Votto's homer gives Reds 4-3 win over Rockies
Votto drove a 3-0 pitch from Boone Logan (1-1) over the wall in center for his fifth homer. Votto's fourth career game-ending shot traveled an estimated 437 feet.
''The older you get and the longer you play, the more I become one with the team,'' he said. ''All you care about is winning.''
Votto had been struggling coming into the game, and the Reds were coming off consecutive 4-3 losses in Boston. The Red Sox won in 12 innings on Tuesday, and then scored two in the eighth inning of Wednesday's victory.

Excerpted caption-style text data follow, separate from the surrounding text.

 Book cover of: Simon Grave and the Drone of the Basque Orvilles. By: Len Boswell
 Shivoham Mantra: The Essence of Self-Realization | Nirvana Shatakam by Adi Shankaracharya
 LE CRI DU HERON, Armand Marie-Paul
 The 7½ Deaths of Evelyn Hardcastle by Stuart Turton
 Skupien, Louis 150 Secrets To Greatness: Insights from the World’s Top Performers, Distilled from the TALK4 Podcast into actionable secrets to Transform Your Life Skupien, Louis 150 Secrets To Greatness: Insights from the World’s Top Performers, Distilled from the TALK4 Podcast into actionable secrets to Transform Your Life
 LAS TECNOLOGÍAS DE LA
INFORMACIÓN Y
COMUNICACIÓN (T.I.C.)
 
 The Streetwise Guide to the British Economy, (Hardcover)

''At the end of the year, you'll look up and I'll be about the same,'' Votto said. ''The frustrating part is my struggles have coincided with a number of close losses.''
Reds manager Bryan Price switched Votto from second in the batting order to fourth to try to give him more chances to hit with runners in scoring position. That didn't work out but Votto was came up at the right time for the Reds.

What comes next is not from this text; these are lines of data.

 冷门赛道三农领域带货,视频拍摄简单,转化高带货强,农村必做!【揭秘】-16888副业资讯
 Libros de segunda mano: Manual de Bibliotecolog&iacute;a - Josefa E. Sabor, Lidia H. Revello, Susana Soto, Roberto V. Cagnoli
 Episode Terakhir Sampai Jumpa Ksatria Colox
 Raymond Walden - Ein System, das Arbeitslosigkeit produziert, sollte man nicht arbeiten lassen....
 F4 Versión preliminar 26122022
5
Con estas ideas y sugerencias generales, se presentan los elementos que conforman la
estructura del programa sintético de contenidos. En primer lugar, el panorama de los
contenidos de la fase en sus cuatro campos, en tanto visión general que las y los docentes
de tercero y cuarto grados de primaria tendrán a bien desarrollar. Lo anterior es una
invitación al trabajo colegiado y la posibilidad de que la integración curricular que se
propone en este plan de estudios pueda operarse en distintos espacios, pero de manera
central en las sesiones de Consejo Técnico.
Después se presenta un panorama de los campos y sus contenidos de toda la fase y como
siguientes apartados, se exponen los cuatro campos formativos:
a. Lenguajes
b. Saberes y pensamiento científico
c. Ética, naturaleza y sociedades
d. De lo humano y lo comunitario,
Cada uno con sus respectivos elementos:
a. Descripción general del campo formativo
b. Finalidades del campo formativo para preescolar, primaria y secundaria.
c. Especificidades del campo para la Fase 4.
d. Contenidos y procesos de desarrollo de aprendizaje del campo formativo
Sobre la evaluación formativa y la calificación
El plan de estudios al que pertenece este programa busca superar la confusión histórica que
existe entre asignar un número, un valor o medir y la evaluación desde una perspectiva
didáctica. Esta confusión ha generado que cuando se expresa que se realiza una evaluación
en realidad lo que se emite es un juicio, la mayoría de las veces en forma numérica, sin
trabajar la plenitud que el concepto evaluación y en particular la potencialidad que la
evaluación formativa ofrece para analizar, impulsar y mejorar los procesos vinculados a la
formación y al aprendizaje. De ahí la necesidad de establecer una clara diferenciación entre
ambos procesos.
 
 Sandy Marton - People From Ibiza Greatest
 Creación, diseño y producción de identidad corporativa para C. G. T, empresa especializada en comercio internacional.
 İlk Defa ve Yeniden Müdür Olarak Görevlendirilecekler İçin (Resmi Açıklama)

''It is really fun to watch guys have moments like that,'' Price said. ''It was a big win for all of us. In a tie game, he has the green light.''
Arenado went 0 for 3, snapping his hitting streak at a club-record 28 games, the longest in the majors this season. But he also walked and scored on Justin Morneau's tying double in the ninth, handing Jonathan Broxton (1-0) his first blown save in six opportunities.
Johnny Cueto had another strong outing for Cincinnati, striking out eight in eight innings of two-run ball. The right-hander allowed five hits and walked one.
''We knew it was going to be tough to score runs on Cueto,'' Rockies manager Walt Weiss said. ''He's been locked in. We knew we had to scratch and claw. We battled every at-bat and made him earn every out.''
Cueto has pitched eight or more innings in five consecutive starts. He has gone at least seven in each of his eight starts this season.
''I continue to move the ball in and out, like Bryan Price wants me to do,'' Cueto said. ''I am thankful that I feel well and able to do my job. They have a good team. They made me work.''
Colorado's Jhoulys Chacin, making his second start of the season after missing the first month with a right shoulder strain, allowed two runs and four hits in six innings.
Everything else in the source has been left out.